▶ **Exercise prompt**:
Which lines run from the line containing "경기도의회 특별자치도 설치특위, 김동연 도지사와 오찬 간담회" through the end of the records below? Reproduce them exactly, and nothing else.

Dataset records
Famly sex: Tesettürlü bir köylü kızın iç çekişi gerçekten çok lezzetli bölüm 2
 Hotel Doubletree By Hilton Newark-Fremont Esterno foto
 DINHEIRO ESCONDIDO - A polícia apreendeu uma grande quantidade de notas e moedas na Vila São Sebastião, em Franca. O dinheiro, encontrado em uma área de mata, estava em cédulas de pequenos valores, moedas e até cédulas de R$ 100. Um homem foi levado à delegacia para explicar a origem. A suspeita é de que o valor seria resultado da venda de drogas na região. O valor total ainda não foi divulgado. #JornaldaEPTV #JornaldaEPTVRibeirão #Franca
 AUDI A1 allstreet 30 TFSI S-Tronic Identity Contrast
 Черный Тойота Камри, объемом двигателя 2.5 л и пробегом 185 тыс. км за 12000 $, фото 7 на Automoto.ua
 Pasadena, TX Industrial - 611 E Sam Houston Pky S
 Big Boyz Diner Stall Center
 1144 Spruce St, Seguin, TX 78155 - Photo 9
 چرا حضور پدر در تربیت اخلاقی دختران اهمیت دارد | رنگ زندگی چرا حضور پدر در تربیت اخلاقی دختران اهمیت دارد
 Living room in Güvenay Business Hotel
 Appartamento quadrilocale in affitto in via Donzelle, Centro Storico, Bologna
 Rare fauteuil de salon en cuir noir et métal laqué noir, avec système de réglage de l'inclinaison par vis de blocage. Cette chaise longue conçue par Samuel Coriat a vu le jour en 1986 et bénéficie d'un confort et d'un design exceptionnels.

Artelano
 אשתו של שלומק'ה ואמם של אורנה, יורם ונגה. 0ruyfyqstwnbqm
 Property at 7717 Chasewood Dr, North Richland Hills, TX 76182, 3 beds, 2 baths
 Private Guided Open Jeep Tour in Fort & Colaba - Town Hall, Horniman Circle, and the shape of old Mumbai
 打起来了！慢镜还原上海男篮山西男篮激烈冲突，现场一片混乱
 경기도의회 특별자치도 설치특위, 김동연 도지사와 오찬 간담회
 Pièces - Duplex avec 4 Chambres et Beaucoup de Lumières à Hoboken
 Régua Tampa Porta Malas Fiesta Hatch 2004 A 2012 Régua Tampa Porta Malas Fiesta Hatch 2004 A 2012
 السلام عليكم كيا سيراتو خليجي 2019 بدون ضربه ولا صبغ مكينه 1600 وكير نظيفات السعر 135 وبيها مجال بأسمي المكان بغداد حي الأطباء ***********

▶ **Response**:
 경기도의회 특별자치도 설치특위, 김동연 도지사와 오찬 간담회
 Pièces - Duplex avec 4 Chambres et Beaucoup de Lumières à Hoboken
 Régua Tampa Porta Malas Fiesta Hatch 2004 A 2012 Régua Tampa Porta Malas Fiesta Hatch 2004 A 2012
 السلام عليكم كيا سيراتو خليجي 2019 بدون ضربه ولا صبغ مكينه 1600 وكير نظيفات السعر 135 وبيها مجال بأسمي المكان بغداد حي الأطباء ***********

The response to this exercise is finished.